If you are someone who strives to be a well-rounded defensive pistol shooter or professional end-user, the reload is ever so important. An empty gun is just a poorly designed impact weapon.
But not all reloads are created equally. Two reloads which are paramount with a defensive handgun are the emergency reload and tactical reload. Knowing the when and how to employ these could make or break you when the chips are down.
Your gun is empty, but you still have a threat that needs to be stopped. This means you need to perform an emergency reload and quickly get rounds back in the gun. The condition of the gun will be, slide locked to the rear with an empty magazine in the gun.
This reload will need to be performed quickly and efficiently. The full magazine will be retrieved as you simultaneously are releasing the empty one from the pistol. Many people get hung up on keeping your eyes on the threat, but you will need to glance at the magwell as you insert because if you miss or fumble the reload, it will cost you way more than the half a second you take your eyes off the threat.
Emergency reloads need to be automatic, with you reloading nearly without thought. How do you achieve that? Repetition through training. Adding movement into the training of reloads will show your deficiencies and tell you immediately if the emergency reload is an automatic response to an empty gun.
Other great ways are to add stress, target transitions or an unknown number of rounds into each magazine and see how you respond.
The tactical (or “tac”) reload is often overlooked. The purpose of a tactical or tac reload is to top off the gun with a full magazine whenever the opportunity presents itself and is called for.
Self-defense and officer-involved shootings around the United States show us the people involved rarely use all the rounds in the gun. As a result, the tac reload can be a very useful skill if done once it’s reasonable or “safe” to do so.
Tac reloads are always done when there is a lull in the gunfight and while using cover. Unlike an emergency reload, they are more methodical and the magazine in the gun will be retained when switched out to a full magazine.
Retain the partially full magazine on your person in a location where it could be retrieved quickly if need be. Some important things to remember with a tac reload are they are done when there is a lull in the gunfight, behind cover, and the used magazine will be retained for possible future use.

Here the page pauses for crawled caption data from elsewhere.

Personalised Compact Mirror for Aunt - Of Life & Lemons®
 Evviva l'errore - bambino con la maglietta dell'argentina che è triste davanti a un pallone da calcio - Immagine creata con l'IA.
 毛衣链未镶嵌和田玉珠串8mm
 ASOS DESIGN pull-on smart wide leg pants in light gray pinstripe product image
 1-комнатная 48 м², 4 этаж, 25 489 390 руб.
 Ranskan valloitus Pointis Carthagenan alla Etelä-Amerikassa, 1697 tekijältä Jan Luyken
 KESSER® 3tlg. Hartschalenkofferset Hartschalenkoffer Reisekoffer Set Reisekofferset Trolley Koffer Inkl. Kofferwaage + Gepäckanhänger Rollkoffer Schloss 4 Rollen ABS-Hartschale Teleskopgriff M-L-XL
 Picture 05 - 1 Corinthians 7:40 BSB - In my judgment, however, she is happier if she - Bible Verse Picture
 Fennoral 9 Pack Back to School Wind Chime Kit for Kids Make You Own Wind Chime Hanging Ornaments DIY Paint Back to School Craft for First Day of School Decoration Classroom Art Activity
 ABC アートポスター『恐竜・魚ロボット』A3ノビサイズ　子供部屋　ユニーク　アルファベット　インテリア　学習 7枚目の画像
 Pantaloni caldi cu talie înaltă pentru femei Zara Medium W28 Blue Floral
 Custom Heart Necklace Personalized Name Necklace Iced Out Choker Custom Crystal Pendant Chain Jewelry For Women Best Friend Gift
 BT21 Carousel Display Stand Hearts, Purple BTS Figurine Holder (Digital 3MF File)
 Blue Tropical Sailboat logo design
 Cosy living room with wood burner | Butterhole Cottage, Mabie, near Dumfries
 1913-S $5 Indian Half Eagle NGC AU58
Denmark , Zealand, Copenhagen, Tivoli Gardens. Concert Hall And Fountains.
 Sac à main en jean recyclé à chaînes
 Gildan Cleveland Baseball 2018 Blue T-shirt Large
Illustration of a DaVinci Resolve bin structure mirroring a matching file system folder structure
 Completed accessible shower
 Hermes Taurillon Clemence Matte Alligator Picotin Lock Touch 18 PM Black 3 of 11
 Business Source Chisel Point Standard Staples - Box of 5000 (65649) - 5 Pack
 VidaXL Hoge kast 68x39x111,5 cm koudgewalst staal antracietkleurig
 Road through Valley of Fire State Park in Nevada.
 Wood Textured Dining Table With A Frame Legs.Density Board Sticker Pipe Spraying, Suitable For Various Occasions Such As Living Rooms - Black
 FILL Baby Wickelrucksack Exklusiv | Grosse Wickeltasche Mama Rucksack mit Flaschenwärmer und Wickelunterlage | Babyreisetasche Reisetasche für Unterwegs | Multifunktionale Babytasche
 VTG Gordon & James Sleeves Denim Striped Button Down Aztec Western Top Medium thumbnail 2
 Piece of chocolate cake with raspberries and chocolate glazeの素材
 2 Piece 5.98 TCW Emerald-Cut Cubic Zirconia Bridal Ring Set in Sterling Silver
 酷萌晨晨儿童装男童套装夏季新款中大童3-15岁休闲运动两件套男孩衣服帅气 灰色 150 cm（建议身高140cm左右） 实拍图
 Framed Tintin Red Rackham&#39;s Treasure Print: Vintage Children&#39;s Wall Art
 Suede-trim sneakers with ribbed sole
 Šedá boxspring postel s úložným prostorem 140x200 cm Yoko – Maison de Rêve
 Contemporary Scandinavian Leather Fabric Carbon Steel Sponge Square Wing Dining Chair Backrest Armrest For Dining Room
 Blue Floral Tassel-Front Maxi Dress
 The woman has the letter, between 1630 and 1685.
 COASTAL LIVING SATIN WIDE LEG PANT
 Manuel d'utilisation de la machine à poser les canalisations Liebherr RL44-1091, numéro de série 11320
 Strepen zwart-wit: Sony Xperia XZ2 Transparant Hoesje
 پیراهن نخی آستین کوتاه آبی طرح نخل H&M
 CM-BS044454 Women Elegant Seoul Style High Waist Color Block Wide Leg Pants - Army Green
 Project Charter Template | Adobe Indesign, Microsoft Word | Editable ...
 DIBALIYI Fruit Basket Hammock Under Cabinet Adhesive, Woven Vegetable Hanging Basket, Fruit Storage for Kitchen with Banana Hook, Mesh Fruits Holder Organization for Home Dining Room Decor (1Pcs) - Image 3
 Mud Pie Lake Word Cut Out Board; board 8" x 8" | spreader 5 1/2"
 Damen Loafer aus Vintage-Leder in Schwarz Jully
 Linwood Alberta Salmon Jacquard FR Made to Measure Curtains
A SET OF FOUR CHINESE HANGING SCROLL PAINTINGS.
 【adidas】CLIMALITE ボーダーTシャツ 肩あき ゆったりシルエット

Always keep in mind that with a tac reload, you are doing it to top off your gun because it’s reached a point in time during that lethal force encounter where you can complete it without putting yourself or others at unnecessary risk.
Editor’s Note: For more information on these, make sure you check out Yamil Sued’s video and article with Freddie Blish on the tactical reload.
Emergency reloads and tac reloads are extremely important, and they need to be practiced to perfection. They both have a place in your arsenal, and knowing when to use them is what’s important.
Practicing these two types of reloads can be done with dry fire and an empty gun or on the range with live rounds if your budget allows. Regardless, train, train and train some more, because it could be the difference between winning and losing.